Huntington’s is genetic neurodegenerative disorder that typically presents at around 30 to 50 years of age with involuntary movements and is associated with dementia and psychiatric symptoms. With no disease-modifying therapies, its devastating impact on young adults was a significant driver for Dr. Tabrizi’s own personal interest and research into the condition. “It robbed young people of the ability to talk, swallow, communicate and walk,” she says.
New treatments
AMT-130 is a novel treatment injected into the brain over a 12-16 hour operation, silencing the mutant gene to prevent cell death. It is important to note that news outlets are not the most adept at accurately summarising medical research. However, these types of attention-grabbing medical headlines raise important questions for many stakeholders – patients, public, biotech industry, researchers, and especially, medical students. While the peer-reviewed findings are yet to be published, uniQure, the Dutch company responsible for producing this therapy, reports a 75% slowing of disease progression, as well as a significant slowing in motor and cognitive decline as compared to controls.
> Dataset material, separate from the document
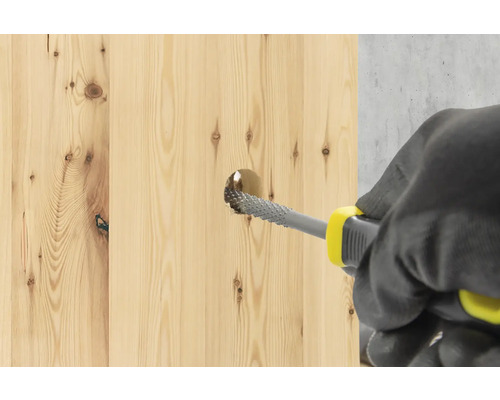 En person använder en trärasp för att förstora ett hål i en träbräda.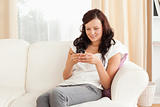 Woman sitting on a sofa while texting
It was a result that surprised and excited Dr. Tabrizi, who understands the perseverance necessary in research. She says: “I’ve had to get used to seeing negative trial results and failures along the way. So when I saw these very positive results it was truly exciting!”
However, it will be some time before this treatment is readily available. There are currently only three gene therapies licensed for use in NHS England – Casgevy, Zolgensma, and Luxturna. Patients with ß-thalassemia or sickle cell, spinal muscular atrophy, and Leber congenital amaurosis, respectively, now have access to therapies that are close to or curative for these previously-incurable conditions.
Approval process
First, there is getting approval. Gene therapies generally come with risks like unintended immune activation and infections from viral vector-based therapies, as well as off-target changes to healthy cells, and errors in genes that precipitate cancer. While Casgevy has been approved by NHS England, it has been provisionally approved by NHS Scotland under the Ultra-Orphan Pathway, which allows for the use of novel medicines for rare diseases over a three-year period, contingent on further review that will dictate its routine use.
Then, there are the costs. Casgevy costs £1,651,000 per treatment, making it one of the most expensive therapies currently available. Biotech/pharma companies make deals with the NHS, providing undisclosed discounts on these medications that are funded through the Innovative Medicines Fund, but the cost-effectiveness analyses for these drugs will still preclude their immediate and widespread use.
So, incorporating new gene therapies into regular medical practice is a long, hurdled journey. As a student, gene therapies raise questions about the future of personalised medicine and how our practices will look one day. With a better understanding of what gene therapy could look like, now whenever I am reading up on some genetic condition (most recently Charcot-Marie-Tooth!), I can’t help but wonder whether one day soon, these too will be an “incurable” condition of the past – re-classified and taught like any other treatable disease. Perhaps every medical student once felt this way – seeing the technological advancements and medical achievements of their time put into practice just as they were on the cusp of joining the physician community.
It invokes a very fascinating and unpredictable future. Studies are being conducted looking at gene therapies for Alzheimer’s disease, Hunter syndrome, and paediatric hearing loss, to name a few. The disorders we learn about today, labelled idiopathic or incurable could very well be on the edge of new treatments. Could one of us be part of the research team that imagines, creates, and implements the next generation of gene therapies?
For Huntington’s disease and AMT-130, the clinical trial is still underway in the US, UK and Poland, as Dr. Tabrizi’s team works to gain MHRA approval for the therapy in the UK. But, as new techniques come into play, such as new viral vectors and small-molecule therapies, the costs, operation times and implementation hurdles could be overcome more quickly. Dr. Tabrizi’s team “are currently part way through a project with colleagues in the US which is looking at a viral vector with similar potency that can be delivered over just four hours of surgery.”
Remember, research is never over! This is the first step – a very important first step – into bringing relief to a significant population of individuals, and serves as a testament to the amazing research supporting a new wave of therapeutic approaches that will revolutionise medical practice in our lifetime. We just need to keep an eye on what the future holds!
Thanks to Dr. Tabrizi for sharing her valuable time, her expertise, and insight into this topic.